Bennie vai dançar com botas brancas e elétricas em cima de uma mesa de madeira no meio da cozinha;
Acordar bem cedo e limpar o batom vermelho na blusa branca do dia anterior;
Levantar domingo de manhã e fazer babyliss nos cabelos só para ver se combinam com as unhas recém - pintadas;
Dirigir pela Route 66 apenas com um vidro de perfume pela metade como bagagem;
Ouvir paredes sólidas de sons;
Acordar, dormir e dormir para acordar novamente;
Machucar os dedos com os espinhos de rosas brancas e provar do próprio sangue enquanto ela assiste a um show do Big Star pela TV velha de um hotel barato de beira de estrada;
Tomar banho na piscina do dito hotel às três da manhã e sair para retocar o delineador que borrou na água;
Ser novamente derrubada na piscina;
Encontrar Candy e Ronnie e com eles recortar fotos de revistas velhas para colá-las num postal para a Jamaica;

E enviar flores mortas para o funeral do ex-namorado.

"Oh Bennie, she's really keen"

Assim será o filme que irei dirigir. Só vai tocar Elton John, Bennie and The Jets e seu Goodbye Yellow Brick Road.

E o engraçado é que só consigo pensar na Kate Hudson ou na Evan Rachel Wood como a protagonista. Deve ser porque elas já passaram por isso também...



domingo, 2 de janeiro de 2011

Viver a vida


“I think we’re always responsible for our actions. We’re free. I raise my hand – I’m responsible. I turn my head to the right – I’m responsible. I’m unhappy – I’m responsible. I smoke a cigarette – I’m responsible. I shut my eyes – I’m responsible. I forget that I’m responsible, but I am. I told you escape is a pipe dream. After all, everything is beautiful. You only have to take an interest in things, see their beauty. It’s true. After all, things are just what they are. A face is a face. Plates are plates. Men are men. And life…is life.”

Jean-Luc Godard (1962)

Eu sei onde me achar, eu sei onde chorar

Sem dormir desde as duas da manhã, com os olhos e os sentidos nas memórias do Bob Dylan e a mesma música dos Byrds repetida oito vezes. Liguei a TV às seis e o que eu vi?



Ouvia muito essa música no caminho para a faculdade, subindo o viaduto num dia de chuva, quando o primeiro e o segundo semestre eram mais que pilhas de textos de Teorias da Comunicação, Freud e Jung. Pareceu um sinal. Eu encontrei o lugar que eu me escondia; eu descobri onde chorava.

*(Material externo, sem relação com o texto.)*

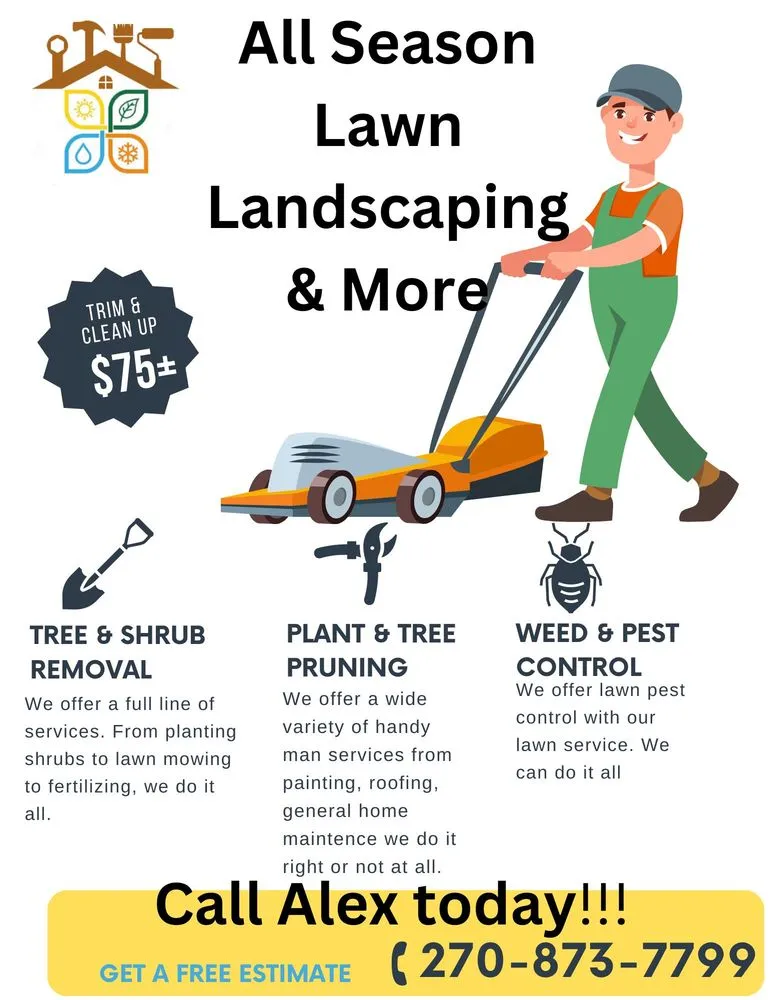 Local landscaping services experts serving Sacramento, KY - All Season Lawn Landscaping & More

Agarrei o lençol e cantei bem alto, sem me importar com a hora. Tudo que eu acumulei durante o ano anterior - lembranças, versos de poemas nunca feitos, pessoas que marcaram, pessoas que não estavam - desapareceram. E eu consegui, pela primeira vez, ficar feliz pelo que pode acontecer no futuro. Nunca ele me soou tão real: posso até tocá-lo com a ponta dos dedos.